Wednesday, July 25, 2012

Natural gas futures price down july 25 2012

Natural gas futures price down july 25 2012 : Natural gas futures were down for the first time in six days during U.S. morning trade on Wednesday, as investors sold positions to lock in gains from an impressive rally that took prices to a seven-month top in the previous session. Investors also looked ahead to Thursday’s closely-watched U.S. government report on natural gas supplies.

On the New York Mercantile Exchange,
natural gas futures for delivery in August traded at USD3.117 per million British thermal units during U.S. morning trade, dropping 1.7%.
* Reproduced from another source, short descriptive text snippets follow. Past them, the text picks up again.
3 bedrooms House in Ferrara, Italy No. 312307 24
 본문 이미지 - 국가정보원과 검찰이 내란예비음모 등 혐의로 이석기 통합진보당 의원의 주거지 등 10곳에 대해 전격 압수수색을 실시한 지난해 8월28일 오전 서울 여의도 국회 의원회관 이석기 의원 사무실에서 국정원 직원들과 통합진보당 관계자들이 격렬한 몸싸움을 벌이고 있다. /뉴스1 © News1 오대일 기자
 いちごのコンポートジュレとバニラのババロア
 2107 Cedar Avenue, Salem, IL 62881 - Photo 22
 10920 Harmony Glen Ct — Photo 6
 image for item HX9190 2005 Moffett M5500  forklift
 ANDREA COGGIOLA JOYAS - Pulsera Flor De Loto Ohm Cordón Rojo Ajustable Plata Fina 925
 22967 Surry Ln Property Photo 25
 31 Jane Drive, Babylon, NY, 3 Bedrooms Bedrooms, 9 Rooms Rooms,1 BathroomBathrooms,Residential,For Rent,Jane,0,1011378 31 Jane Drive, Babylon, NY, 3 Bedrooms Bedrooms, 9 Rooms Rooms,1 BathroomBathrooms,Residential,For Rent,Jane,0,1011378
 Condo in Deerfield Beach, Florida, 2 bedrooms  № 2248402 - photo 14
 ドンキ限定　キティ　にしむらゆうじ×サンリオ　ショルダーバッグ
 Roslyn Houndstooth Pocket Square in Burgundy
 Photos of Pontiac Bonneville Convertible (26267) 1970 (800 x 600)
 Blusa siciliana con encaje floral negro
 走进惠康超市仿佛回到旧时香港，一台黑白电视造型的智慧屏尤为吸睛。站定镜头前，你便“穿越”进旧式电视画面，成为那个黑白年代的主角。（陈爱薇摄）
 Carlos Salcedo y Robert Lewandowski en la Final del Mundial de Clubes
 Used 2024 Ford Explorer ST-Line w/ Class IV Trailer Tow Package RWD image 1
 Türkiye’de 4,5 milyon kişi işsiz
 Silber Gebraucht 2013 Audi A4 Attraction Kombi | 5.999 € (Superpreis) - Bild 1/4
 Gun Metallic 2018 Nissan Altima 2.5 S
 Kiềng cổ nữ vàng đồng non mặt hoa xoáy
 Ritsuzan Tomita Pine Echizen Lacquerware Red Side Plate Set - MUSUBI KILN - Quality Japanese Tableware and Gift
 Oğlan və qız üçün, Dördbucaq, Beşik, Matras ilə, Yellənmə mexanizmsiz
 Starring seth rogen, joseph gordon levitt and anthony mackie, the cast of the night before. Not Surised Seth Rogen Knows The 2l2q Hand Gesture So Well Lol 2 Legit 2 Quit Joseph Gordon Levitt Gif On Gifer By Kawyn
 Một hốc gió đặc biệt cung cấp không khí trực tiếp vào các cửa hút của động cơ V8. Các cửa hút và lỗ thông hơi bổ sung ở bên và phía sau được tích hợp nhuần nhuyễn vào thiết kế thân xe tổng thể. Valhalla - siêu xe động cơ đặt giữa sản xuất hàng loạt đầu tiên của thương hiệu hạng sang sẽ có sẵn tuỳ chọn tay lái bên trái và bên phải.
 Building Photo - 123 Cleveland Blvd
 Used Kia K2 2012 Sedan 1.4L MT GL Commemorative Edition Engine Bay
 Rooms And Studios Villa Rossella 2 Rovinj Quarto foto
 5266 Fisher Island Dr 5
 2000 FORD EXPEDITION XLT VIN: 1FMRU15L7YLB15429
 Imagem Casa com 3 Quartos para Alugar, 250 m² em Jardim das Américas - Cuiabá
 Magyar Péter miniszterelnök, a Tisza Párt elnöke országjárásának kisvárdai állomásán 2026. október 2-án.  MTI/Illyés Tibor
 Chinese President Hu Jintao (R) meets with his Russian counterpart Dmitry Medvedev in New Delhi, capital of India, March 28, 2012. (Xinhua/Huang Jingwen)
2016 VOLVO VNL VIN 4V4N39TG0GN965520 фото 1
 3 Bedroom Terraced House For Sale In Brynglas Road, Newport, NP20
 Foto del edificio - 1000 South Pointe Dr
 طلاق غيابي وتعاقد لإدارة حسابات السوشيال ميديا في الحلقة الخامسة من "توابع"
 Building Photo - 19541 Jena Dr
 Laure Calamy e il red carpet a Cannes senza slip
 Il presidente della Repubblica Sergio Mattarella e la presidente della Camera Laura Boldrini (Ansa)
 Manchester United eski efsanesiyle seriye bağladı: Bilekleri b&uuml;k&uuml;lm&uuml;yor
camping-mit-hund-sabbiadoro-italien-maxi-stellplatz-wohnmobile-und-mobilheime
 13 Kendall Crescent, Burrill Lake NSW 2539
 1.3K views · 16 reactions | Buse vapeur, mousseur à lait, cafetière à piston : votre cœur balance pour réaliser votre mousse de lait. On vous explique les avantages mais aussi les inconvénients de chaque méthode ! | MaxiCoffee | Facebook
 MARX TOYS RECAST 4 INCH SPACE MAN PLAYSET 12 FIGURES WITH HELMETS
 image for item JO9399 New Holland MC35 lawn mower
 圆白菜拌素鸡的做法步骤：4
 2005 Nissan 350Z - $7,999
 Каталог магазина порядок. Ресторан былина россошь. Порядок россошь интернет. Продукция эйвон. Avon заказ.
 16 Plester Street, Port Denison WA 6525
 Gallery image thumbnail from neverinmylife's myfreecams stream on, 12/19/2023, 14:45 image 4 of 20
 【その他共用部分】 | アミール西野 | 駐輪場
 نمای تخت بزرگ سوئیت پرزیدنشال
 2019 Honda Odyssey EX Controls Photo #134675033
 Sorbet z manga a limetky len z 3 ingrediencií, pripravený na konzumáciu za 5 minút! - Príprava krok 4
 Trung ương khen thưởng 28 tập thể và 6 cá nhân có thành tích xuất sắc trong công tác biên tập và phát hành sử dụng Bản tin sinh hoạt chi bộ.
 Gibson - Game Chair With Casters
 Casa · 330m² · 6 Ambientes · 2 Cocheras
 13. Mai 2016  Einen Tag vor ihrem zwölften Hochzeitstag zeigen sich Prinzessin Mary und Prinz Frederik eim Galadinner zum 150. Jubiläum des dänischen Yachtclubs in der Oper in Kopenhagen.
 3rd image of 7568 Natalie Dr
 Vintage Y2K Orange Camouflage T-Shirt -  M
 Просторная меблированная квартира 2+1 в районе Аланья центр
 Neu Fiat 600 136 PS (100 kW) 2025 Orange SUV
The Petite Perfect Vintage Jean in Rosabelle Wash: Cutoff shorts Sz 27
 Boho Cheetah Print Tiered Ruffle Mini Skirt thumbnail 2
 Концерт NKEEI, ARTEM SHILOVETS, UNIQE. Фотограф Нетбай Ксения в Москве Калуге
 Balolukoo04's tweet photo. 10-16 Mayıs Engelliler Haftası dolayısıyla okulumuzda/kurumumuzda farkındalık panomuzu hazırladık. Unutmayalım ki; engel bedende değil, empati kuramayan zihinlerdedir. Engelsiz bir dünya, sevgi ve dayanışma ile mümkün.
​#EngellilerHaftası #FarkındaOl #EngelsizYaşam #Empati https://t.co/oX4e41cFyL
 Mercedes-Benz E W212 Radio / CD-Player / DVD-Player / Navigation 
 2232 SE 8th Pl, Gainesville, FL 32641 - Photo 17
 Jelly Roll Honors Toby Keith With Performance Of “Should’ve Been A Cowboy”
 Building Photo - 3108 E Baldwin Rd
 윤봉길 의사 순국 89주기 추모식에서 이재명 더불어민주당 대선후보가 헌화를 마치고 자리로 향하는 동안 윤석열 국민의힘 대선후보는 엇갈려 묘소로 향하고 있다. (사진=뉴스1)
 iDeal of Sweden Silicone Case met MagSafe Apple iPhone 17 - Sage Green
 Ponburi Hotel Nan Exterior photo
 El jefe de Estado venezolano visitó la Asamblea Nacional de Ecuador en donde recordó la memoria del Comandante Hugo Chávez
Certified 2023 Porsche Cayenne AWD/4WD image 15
It earlier fell by as much as 1.8% to trade at a session low of USD3.110 per million British thermal units. The front-month contract rallied to USD3.194 on Tuesday, the highest since December 28, 2011.

The August contract is due to expire at the end of trading on Friday, July 27.

Meanwhile, the more actively traded contract for September delivery tumbled 2.2% to trade at USD3.106 per million British thermal units. The September contract fell by as much as 2.4% earlier to trade at a session low USD3.101.

A bout of hot weather across much of the country over the last several weeks helped boost natural gas prices. Spot prices have rallied nearly 45% in the past five weeks, as extreme heat conditions across the U.S. boosted cooling demand for the fuel.

The recent gains helped push natural gas futures into positive territory for 2012. The fuel is now up 4.5% in 2012. Concerns over bloated inventories and weak winter demand dragged prices down to a decade low of USD1.907 per million British thermal units on April 19.

The National Weather Service's six-to-ten-day outlook issued on Monday called for above-normal temperatures for much of the eastern two-thirds of the nation.

Warmer-than-normal temperatures increase the need for gas-fired electricity to power air conditioning, boosting demand for natural gas. Natural gas accounts for about a quarter of U.S. electricity generation.

But the sharp gains prompted investors to sell positions to lock in profits, amid ongoing concerns over elevated U.S. storage levels.

Market players shifted their focus to the U.S. Energy Information Administration’s closely-watched weekly report on natural gas inventories scheduled for Thursday.

Early injection estimates range from 21 billion cubic feet to 50 billion cubic feet, compared to last year's build of 48 billion cubic feet. The five-year average change for the week is an increase of 61 billion cubic feet.

Total U.S. gas supplies stood at 3.163 trillion cubic feet last week, 19.2% above last year's level and 17.5% above the five-year average level for that week.

U.S. gas inventories did not hit the milestone 3 trillion cubic feet level until August 31 of last year. Stocks peaked last year in November at a record 3.852 trillion cubic feet.

Market analysts have warned that without strong demand through the rest of the summer, gas inventories will reach the limits of available capacity later this year.

The storage surplus to last year will have to be cut by at least another 260 billion cubic feet in the 17 weeks left before winter withdrawals begin to avoid breaching the government's 4.1 trillion cubic feet estimate of total capacity.

From a technical standpoint, market participants noted that prices have further room to move higher after futures closed above the key USD3.00-level for the first time since January.

The USD3.00-level is psychologically important to some traders, who see that price as the point at which power plants will begin switching from natural gas to coal.

Speculation that utility providers in the U.S. were switching from pricier coal to cheaper natural gas helped boost prices off a 10-year low of USD1.902 hit in mid-April.

Elsewhere on the NYMEX, light sweet crude oil futures for delivery in September dipped 0.15% to trade at USD88.36 a barrel, while heating oil for August delivery shed 0.3% to trade at USD2.815 per gallon

U.K. natural gas gained as imports from Norway declined, tightening supplies into the network.

Within-day gas rose for a second day, climbing as much as 2.5 percent to 54.8 pence a therm in London, according to broker prices compiled by Bloomberg. August gas added 0.6 percent to 53.7 pence a therm. That’s equivalent to $8.31 per million British thermal units and compares with $3.072 per million Btu for front-month U.S. gas.